Public universities in the US are reporting record enrollment of international students (listen to my interview on NPR). Here are some examples:

University of Cincinnati: up 8%
Kent State University, Ohio: up 26%
Indiana State University: up 13%
University of Colorado, Boulder: up 11%
Iowa State University: up 10%
The University of Michigan-Flint: up 40%
Montana Tech: up 11%
University of Central Oklahoma: up 17%
Arkansas State University: up 35%

There are two primary reasons for record enrollments:
1. Decreasing state budget cuts
2. Increasing demand from source countries

At a time when private sector is showing signs of recovery, higher education is still facing budget cuts. According to Center on Budget and Policy Priorities, at least 43 states have implemented cuts to public colleges and universities. For example, Georgia has reduced state funding for public higher education for FY2011 by $151 million, or 7%. Similarly, US News and World Report notes that estimated state tax support from 2008-2010 for US public higher education was down by average 7% and for some states like Ohio it was even worse with a decrease of 14%.

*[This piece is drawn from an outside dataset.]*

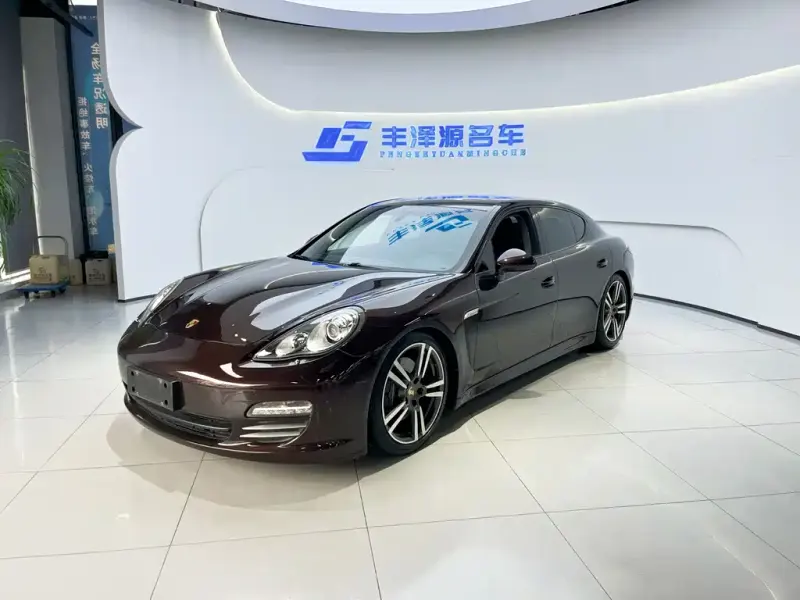 Porsche Panamera, 2012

In these circumstances of budget cuts, public institutions have limited options–cut costs, raise tuition or increase tuition earned per FTE. International students who pay non-resident fee and get no federal financial aid help universities by increasing the revenue potential for the universities. For example, undergraduate international students at the University of Cincinnati increased by 13% or 60 more freshmen enrolled as compared to last year. These additional 60 students will contributed nearly $1 million in incremental revenue over four years as compared to in-state students.

On the supply side, countries like China and India have seen rapid expansion at the school and undergraduate level, however, economy has not expanded at the same pace to absorb all students. For China, the gross-enrollment ratio increased from 6 % to 23% percent in a decade. Similarly, for India, the annual intake of engineering seats has doubled to over 1 million in five years. This rapid expansion has resulted in increasing demand at the graduate level. Another factor supporting mobility of China and Indian students at the undergraduate level is the increasing prosperity and affordability. For example, According to 2010 Asia-Pacific Wealth Report there were 477,000 and 127,000 US dollar millionaires in China and India respectively in 2009. This is an increase of 31% and 50% for China and India respectively from 2008.

The trend of increasing enrollment of international students at public universities is also witnessed in the UK where budget cuts have made international students more lucrative. For example, according to BBC, Welsh universities expecting a record enrollment of international students with an increase of up to 20%. Likewise, the Telegraph reported that “Vice-chancellors said they would increasingly turn to students from outside Britain and Europe to plug a multi-billion pound hole in university finances”

Overall, fall 2010 enrollments show continued strong interest by international students for US and UK as the destination and budget cuts are compelling universities to go all the way to make the best of this interest and recruit international students.

What enrollment trends are you witnessing?

Dr. Rahul Choudaha

1 Comment

  1. To large extent its true. But now a days the study abroad syndrom as I call it is catching up because of so call "symbol of Status" where every one who so ever is having money want to rush to foreign universities for completing their degree.

    Today India is providing world class education and therefore sticking to it might prove to be wise decision in a long run.